Alice and Zouroku: This one was on my radar going in, and the double-length opener was middling-fair.  ESPers vs. evil government scientists is an old plot but one I like.  Mixing it with "cute girls" doesn't add sugar for me (oh yeah and there's some Alice in Wonderland theming I don't care about), but throwing in a crotchety grandpa type normal was enough to get me interested, and that's basically what I got, although the pieces are just now in place and I don't know how everything is going to balance going forward.  The show hasn't done much to elevate itself or even offer credible promises thereof, but I'm interested enough to give it another ep or two to see how it pans out and it at least looks like decent popcorn viewing if I don't have too much else to do.  Animation-wise, the use of CGI was kind of clunky but not unbearable, and the loose, cartoony art style isn't especially compelling but I mostly like it.  Tentative watch.

The Royal Tutor:  I would call this show "pretty-boys and window dressing," but the word "and" implies the enumeration of two separate things.  This is apparently supposed to be about a collection of quirky, charmingly-flawed princes and their inspiring and redeeming relationship with their lilliputian teacher, but the charm and redemption aren't clicking for me.  The princes are only mildly interesting and the titular tutor isn't living up to who the show is trying to sell him as for me, so I'm left mostly with boredom.  The ending sequence did offer a tantalizing glimpse of what the show is supposed to be, but if it couldn't put its best foot forward any better than this, I don't think it's worth my time to wait around for that show to materialize.  "Lazy animation" is also a strangely fine line for me; if it's done judiciously and skillfully I can actually be impressed by it ("Oh, how elegantly economical"), but sometimes the illusion just comes crashing down and this is a show where it did ("Oh, they're just moving the image of the carriage across the background;" "Oh, there's no motion on the screen except for lip flap;" etc.).  Drop.

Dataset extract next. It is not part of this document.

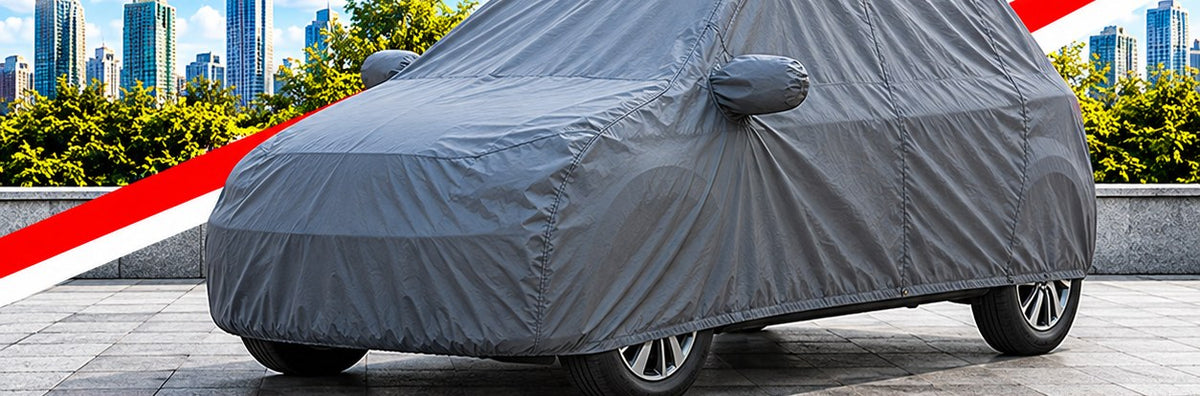 Toyota Passo Car Cover by SB Auto Covers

Sagrada Reset: This is, like, a collection of philosophical essays packaged as a high school slice of life with supernatural elements.  It comes off with this odd hybrid feel, like the earnestness of an auteur b-movie but utterly bloodless.  I wouldn't call it pretentious, though, just abstracted.  It doesn't help that the male lead comes off as mildly pushy/creepy to me, while the female lead is practically emotionless and the explanation for it goes by too quickly and abstractly to get any traction.  The animation looked good to me, though (economical, but in this case it holds up), and the sense of atmosphere is well realized and fitting.  Again, there's a narrative hook in literally the last few seconds (it's the next ep preview this time), but again, the first ep doesn't convince me that it's worth my time to stay on board.  Drop.

The still-to-watch pile as of now: "Kado: The Right Answer" and "Tsuki ga Kirei."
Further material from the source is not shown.